How Women are Represented in Sports Media: Text Analysis in Sports Illustrated

This is a paper I wrote for ECO 227 Economics of Gender and Family class with Dr. Angela Cools at Davidson College


There is a substantial gender pay gap between male and female professional athletes. It is difficult to measure and compare athletes’ earnings in different sports and across leagues, but still, disparities come across. For example, the combined salaries for female soccer players across 81 international teams, over one thousand players, summed to $32.8 million a year. In that same year, one player, Neymar, made $32.9 million. Similar disparities are present in prize money awarded for tournaments. Among the worst differences is in golf, soccer, and basketball. In the US, women’s basketball players are the most well paid out of any female sport — paying on average $74,759 per season. A male basketball player earns on average $7,147,217 per season, which is 96 times more than a female basketball player (Global Sports Salaries Survey 2019). 

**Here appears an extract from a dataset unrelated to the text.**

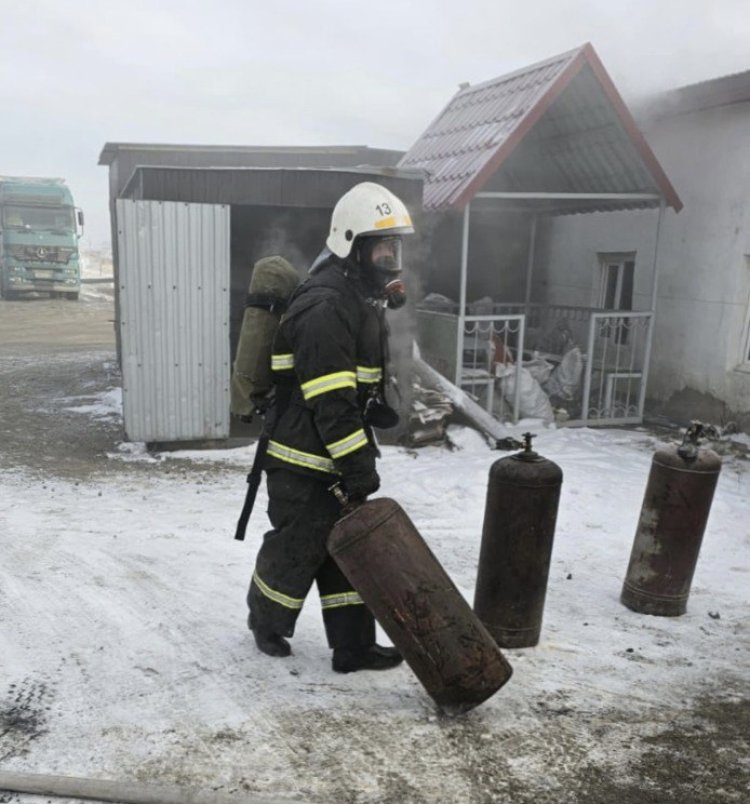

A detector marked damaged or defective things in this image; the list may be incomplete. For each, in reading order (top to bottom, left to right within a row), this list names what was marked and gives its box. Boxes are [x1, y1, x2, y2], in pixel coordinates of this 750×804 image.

rusty gas cylinder [326, 496, 516, 716]
rusty gas cylinder [476, 434, 564, 648]
rusty gas cylinder [624, 420, 724, 616]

The most commonly cited explanation for the wide gender pay gap in professional sports is that there’s a higher demand for men’s sports media coverage than women’s.  Television licenses, event-day ticket sales, and sponsorship deals are the primary sources of revenue for teams and athletes. The traditional argument is that men’s teams have more fans and, therefore, more commercial worth. However, as women’s participation in athletics has grown dramatically in the past 30 years, and along with it, interest in women’s sports is also increasing. A study using international data found that 66% of the general population are interested in at least one women’s sport, and among sports fans, 84% are interested (Neilson 2018). Fans are not all male either; in that same study, 49% of sports fans were female. Despite the demand for coverage of women’s sports, men and male sports still dominate sports media. 

Women’s sports have massive potential for monetization, and the audience they draw is only going to grow. However, women and women’s sports are underrepresented in sports media. Male athletes not only dominated media coverage, but men also occupy most of the jobs in sports media. Men make up 95% of anchors, co-anchors, and analysts (Musto, Cooky, and Messner 2017). Media coverage is essential for women in sports both in the social and occupational domain and has enormous effects on women’s sports. Positive media attention can heighten a player’s prestige, encourages attendance of the game, and helps a player get sponsors for brands. Imbalance in media coverage contributes to the gender pay gap in sports. 

Women are underrepresented in sports television, radio, podcasts, news, and online resources. Unlike funding between men and women’s sports, equal television coverage is not enforced by Title IX. A study of ESPN’s SportsCenter and Fox Sports found that out of 118 hours of sports news, content featured women’s sports less than 1% of the time (Billings and Young 2015). The lack of women portrayed in the media reinforces the stereotypes that sports are a “man’s domain.” This has feedback effects as well. How sports media represent women affects women’s decision to enter professional sports and may explain the gender representation gap in sports. 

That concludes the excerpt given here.